As other communities try to claw their way back out of the economic collapse with more business-as-usual (tax-base giveaways that attempt to lure outside development, and the construction of ever more sprawl, that eats up more than generates tax dollars) we plan for something different; something more resilient and livable. All of our governmental planning bodies come to the same table and take responsibility for the direction of our future development across the county (ok, we might have to push them up to that table and let them know what happens if they don’t get the job done!)
As wise land use planning and community finance options grow, aspiring farmers are drawn to our county for the opportunities we present and demonstrate. And dozens of new farms begin to aggregate their production into stores, restaurants and institutions. Entrepreneurs see the other inefficiencies that currently exist in our food supply chain and start value-added businesses to process and preserve this production. As they offer premium pricing to farmers who grow organic, non-GMO crops that their customers demand, we see wholesale shifts from commodity crops. These farmers can now make a living from their own land (a very illusive current prospect), instead of needing to have an off-farm job. We reach a tipping point that again can prioritize paying for livelihood instead of Round-up Ready seeds (and a whole lot of Round-up!). And we measure the impact this change has on our waterways and other natural resources.
Banking, one of the most entrenched institutions in the status quo is slow to catch on.

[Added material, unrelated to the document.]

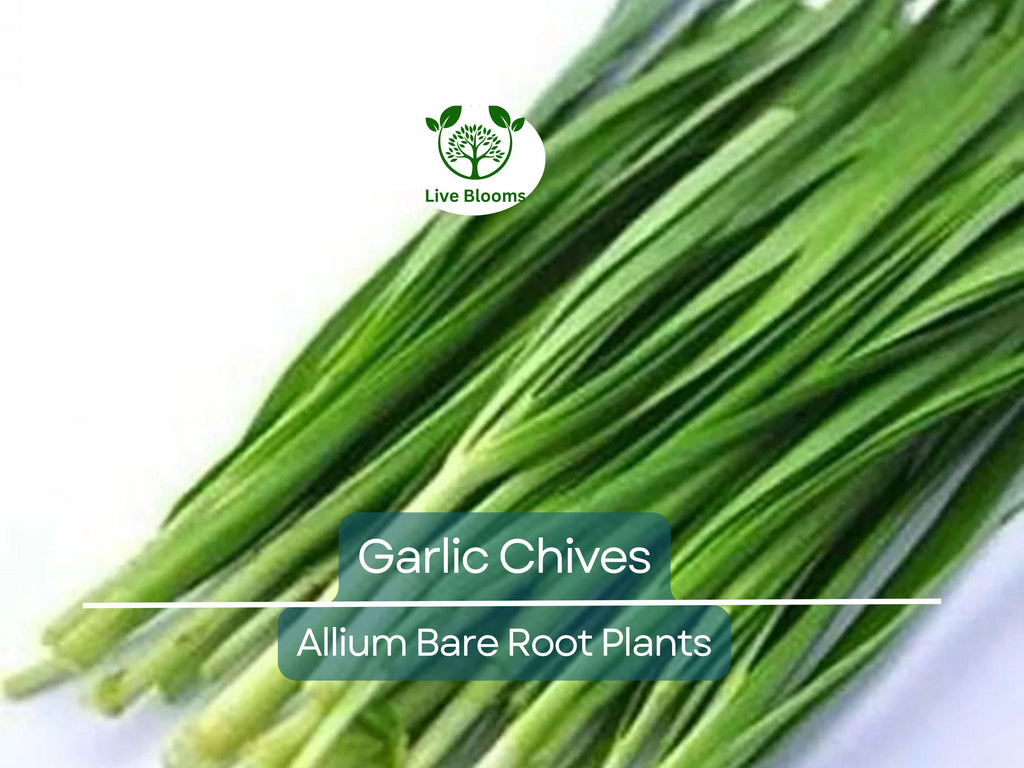 25 Garlic Chives Live Plants – Bare Root Stalks – Edible Herb for Garden or Container – Allium Tuberosum, Easy to Grow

In the mean time, individuals in the community begin to work outside the traditional financial models to make investments that facilitate this change. Using social media and other technology to make direct connections between capital and project, people can assess their own needs for return on investment and risk-aversion and put a face onto the impact that their dollars can lever so close to home.
Now we begin to see the benefits of our leadership in taking these initiatives. Educational and agro-tourism become a reality as we model these practices to other communities.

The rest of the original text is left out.